Gillian Pollock

Personal information
- Full name: Gillian Pollock
- Nationality: New Zealand
- Born: 1984 (age 41–42)

Sport
- Sport: Swimming
- Classifications: S8, SB8, SM8
- Club: Greendale Swim Club
- Coach: Noel Hardgrave-Booth

Medal record
Women's para swimming
Representing New Zealand
Paralympic Games
| Silver medal – second place | 2000 Sydney | 200 m individual medley – SM8 |

= Gillian Pollock =

New Zealand Paralympic swimmer

Gillian Pollock (born 1984) is a former paralympic swimmer from New Zealand. She competed at the 2000 Summer Paralympic winning a silver medal.

Pollock was classified S8 for freestyle, backstroke and butterfly, SB8 for breaststroke and SM8 for medley.

At the IPC Swimming World Championships Christchurch 1998, Pollock gained three 4th-place finishes in the 200m metre individual medley, 100 metre backstroke and 100 metre butterfly.

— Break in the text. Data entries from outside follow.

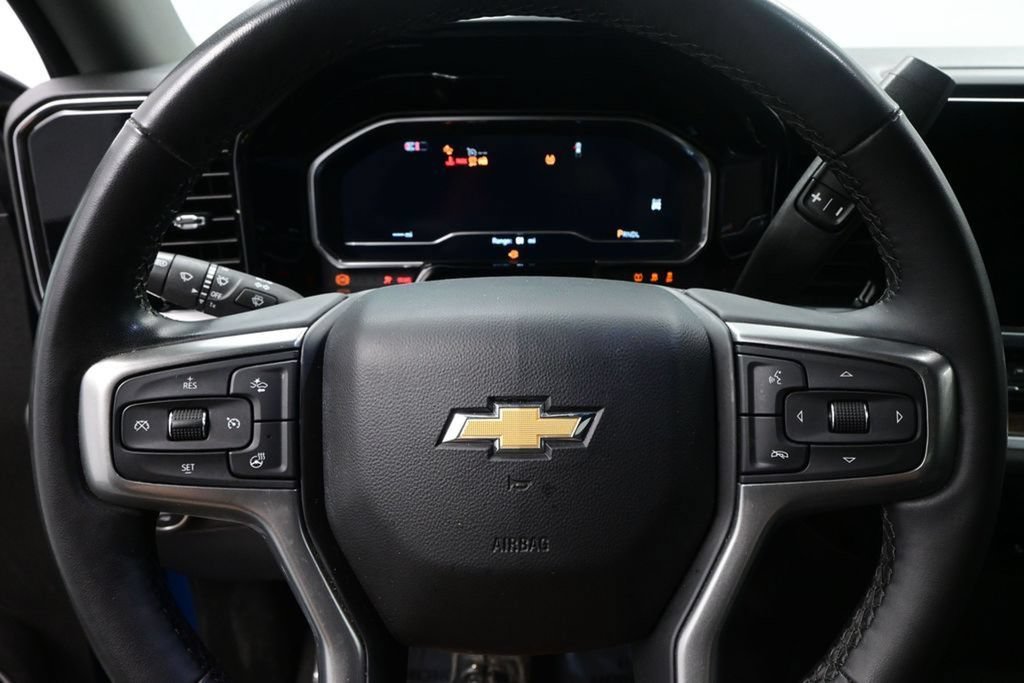 Used 2024 Chevrolet Silverado 1500 LT AWD/4WD image 18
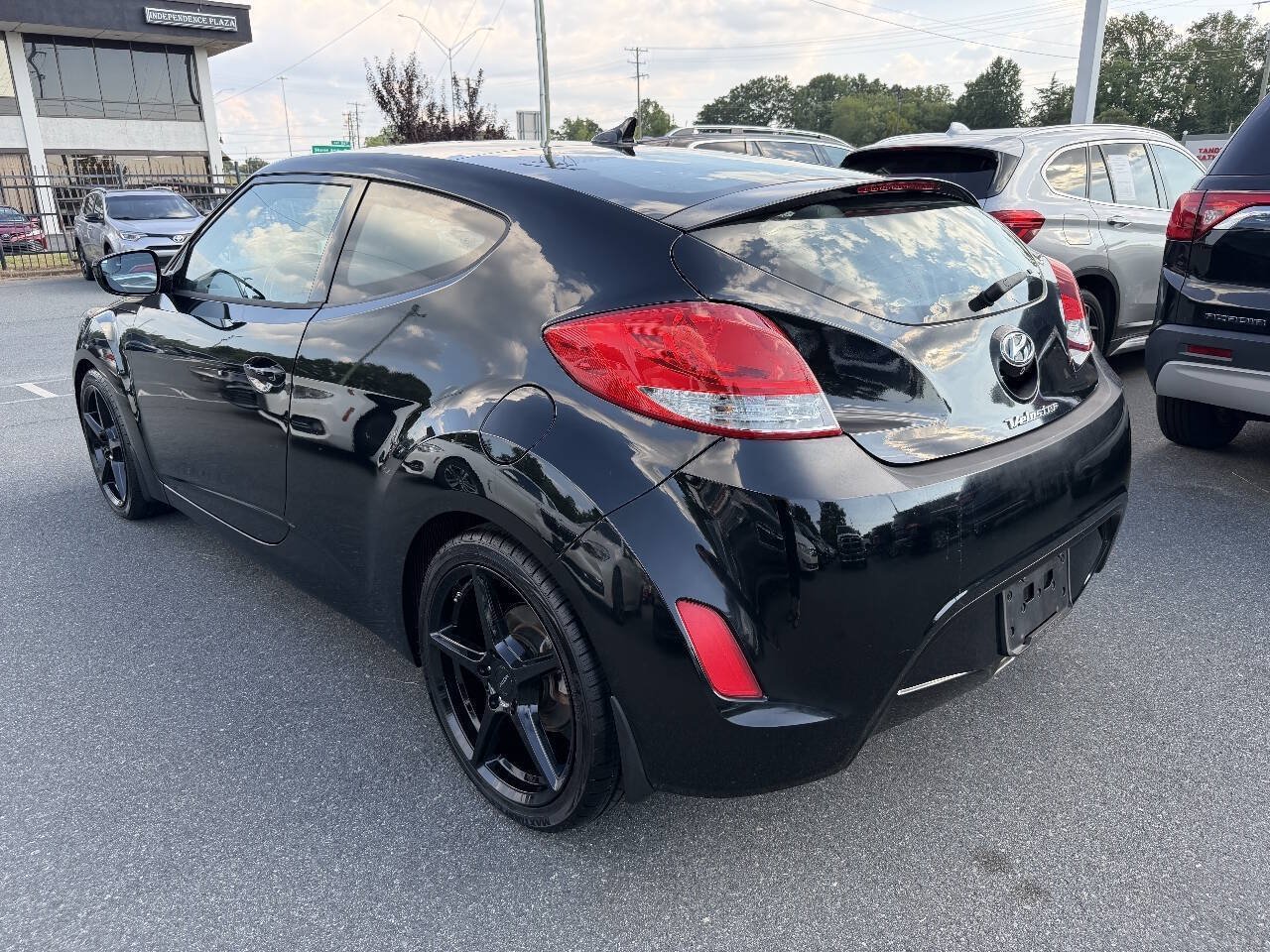Used 2016 Hyundai Veloster w/ Option Group 02 FWD image 6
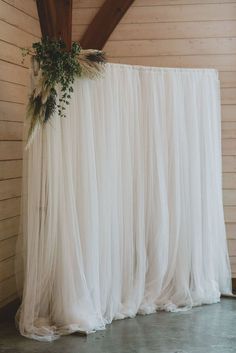 Simple and stylish boho chic photo booth backdrop at a barn wedding at Birds Eye Cove Farm. Easy Wedding Alter, Easy Photo Backdrop Wedding, Selfie Backdrop Wedding, Simple Photo Backdrop Wedding, Simple Wedding Photo Booth, Diy Reception Backdrop, Photo Booth For Weddings, Easy Boho Backdrop, Easy Photobooth Ideas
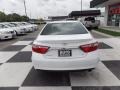 Super White - Camry SE Photo No. 4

Pollock was part of the New Zealand team that made the short trip to Sydney for the 2000 Summer Paralympics. There she won a silver medal in the 200 metre individual medley in a time of 3:04.12, behind Hungary's Dóra Pásztory who set a new games record. Gillian placed in the 100 metre backstroke finishing 5th and 400 metre freestyle finishing 6th . She also competed the 100 metre breaststroke and 100 metre butterfly although missed out on the finals.